Material supplied:
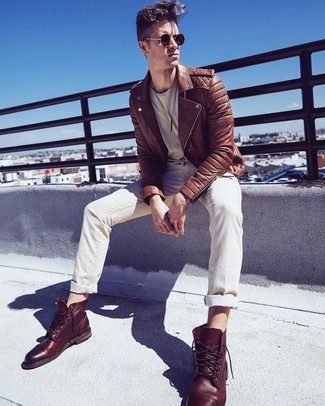 С чем носить темно-коричневые кожаные повседневные ботинки в 20 лет мужчине в теплую погоду в стиле кэжуал: Если превыше всего ты ценишь удобство и функциональность, тебе понравится такое сочетание коричневой кожаной косухи и бежевых джинсов. Такой лук обретает новое прочтение в паре с темно-коричневыми кожаными повседневными ботинками.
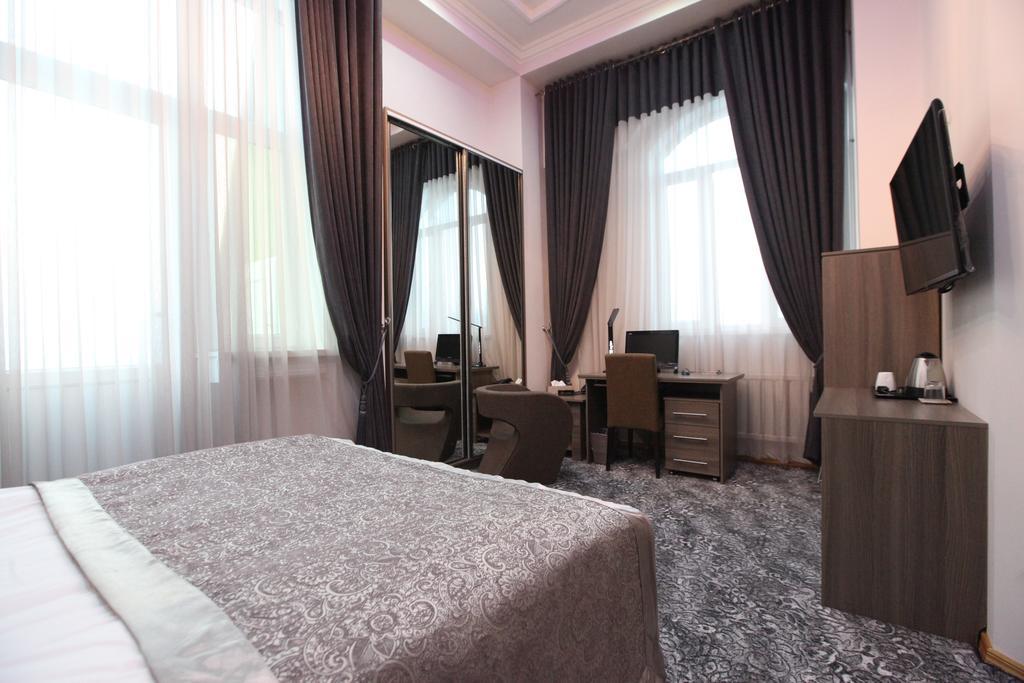 Lotte Palace Dushanbe Bagian luar foto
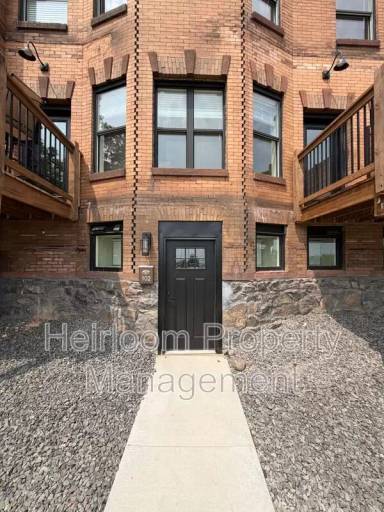 Main picture of 627 E 4th St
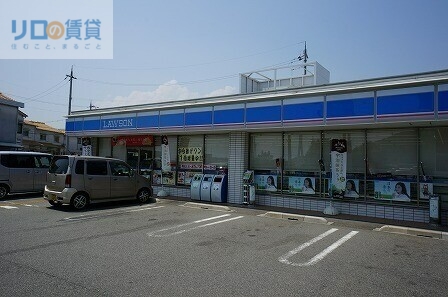 コンビニ　ローソン川西火打2丁目店（コンビニ）まで597m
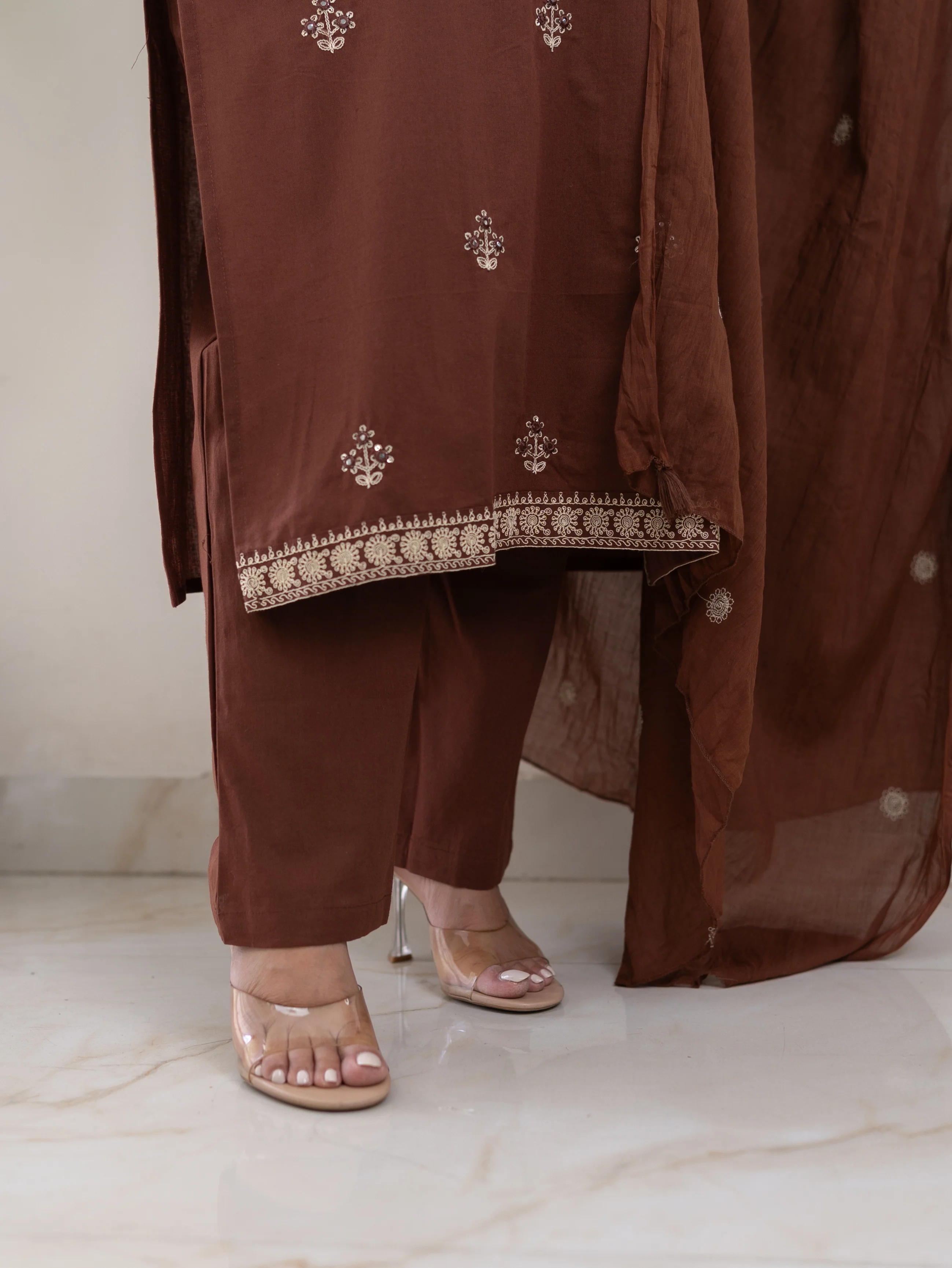 Zoohi Brown Cotton Embroidered Straight Dupatta Set - Image 12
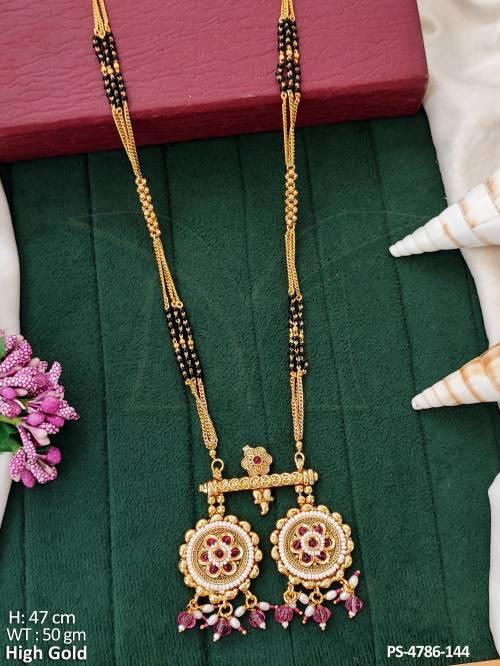 Beautiful Antique Design High Gold Polish Pendant Set   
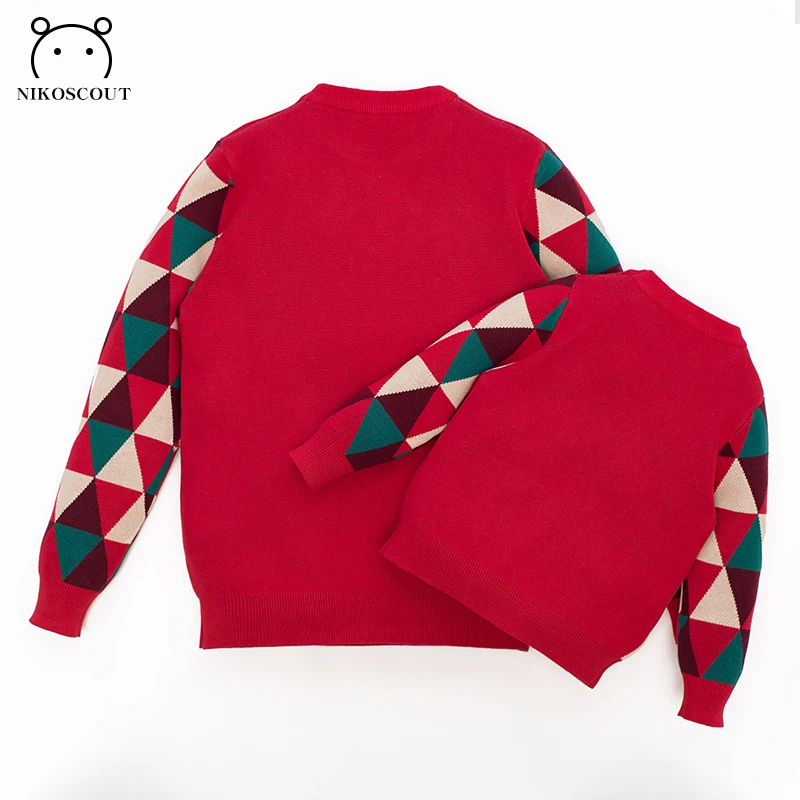 Family for a Family of Three in Winter Christmas and New Year Red Sweater Mother and Daughter New Year Fashionable Street Mother
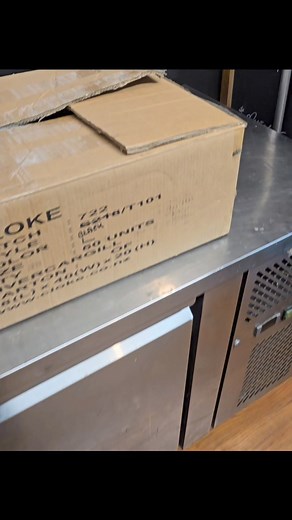 10K views · 184 reactions |  Merch has arrived!  Thank you to everyone who ordered I'll post your gears out today! Gosh we good at the cat walking thing. Almost as good as we are at dancing. Wonder if we should get side jobs as clothing models 樂藍 hahaha Thanks Team Mana Supplies Limited amazing service products as always! #merch #branding #warm #wintergears #catwalk | Kai Connoisseurs | Facebook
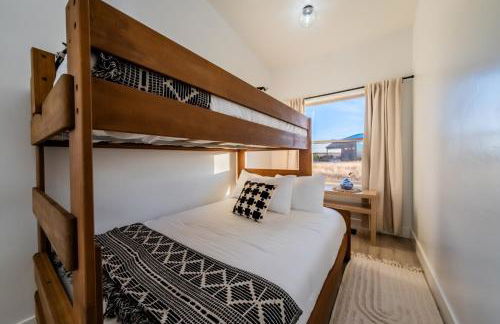 Brycegate Retreat. Stunning Views. Modern Comforts. - Photo 17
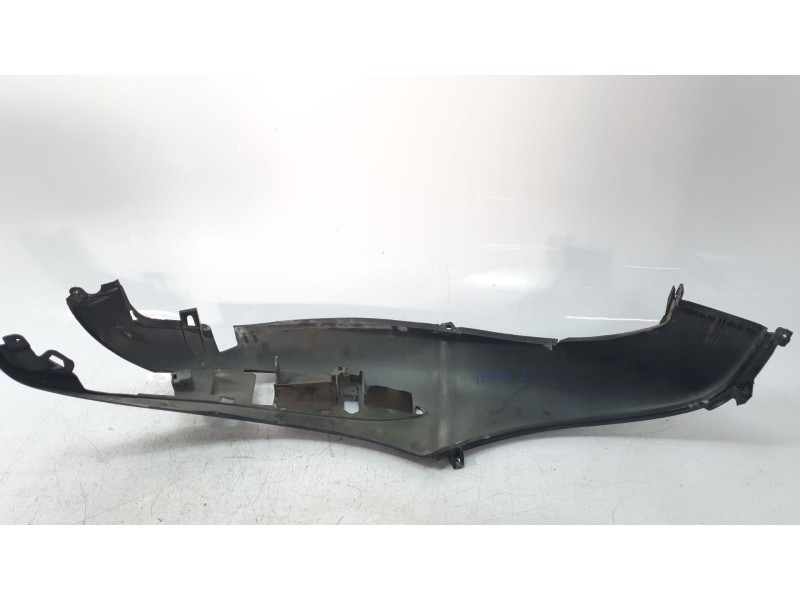 Recambio de moldura para piaggio beverly beverly 500 cruiser (m34) referencia OEM IAM CM024701  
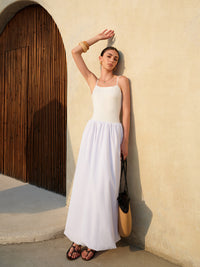 Перфектна визия със стилна балонна пола и рокля с презрамки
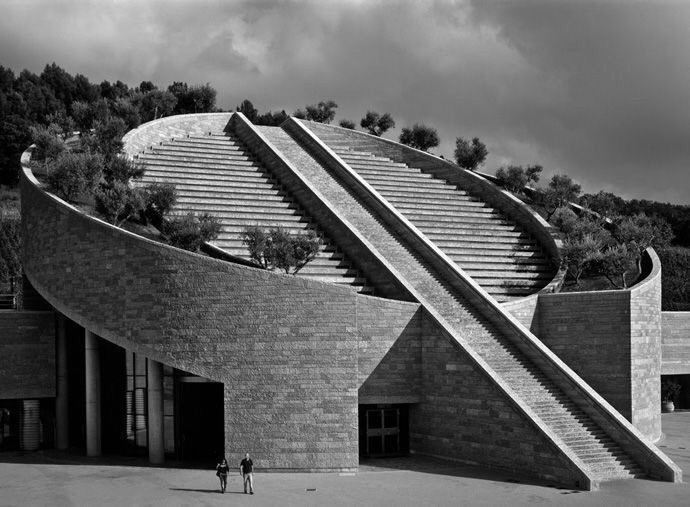 It was a period marked by diversity, with many distinct groupings, and maverick figures. Botta led an alpine school of monumental forms and articulated masonry... Cantina Pietra Winery, Suvereto, Tuscany, Italy, Mario Botta, 2001-4. Image unknown source
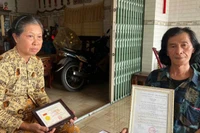 Vợ chồng bà Thúy gửi đơn kiến nghị khắp nơi để tìm sự ghi nhận xứng đáng cho con trai hy sinh khi làm nhiệm vụ.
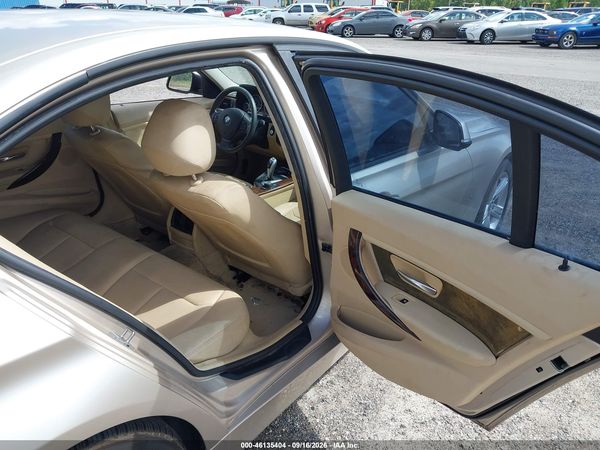 2014 BMW 320I SA — I8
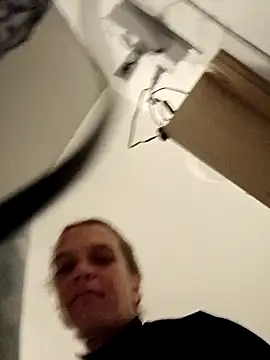 sarahkat86 online show from 02/06/26, 11:34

Task item:
Repeat the line containing "Vợ chồng bà" and every line after it up to the end of the material above, exactly as they stand, minus the pictures.

Solution for this task:
 Vợ chồng bà Thúy gửi đơn kiến nghị khắp nơi để tìm sự ghi nhận xứng đáng cho con trai hy sinh khi làm nhiệm vụ.
 2014 BMW 320I SA — I8
 sarahkat86 online show from 02/06/26, 11:34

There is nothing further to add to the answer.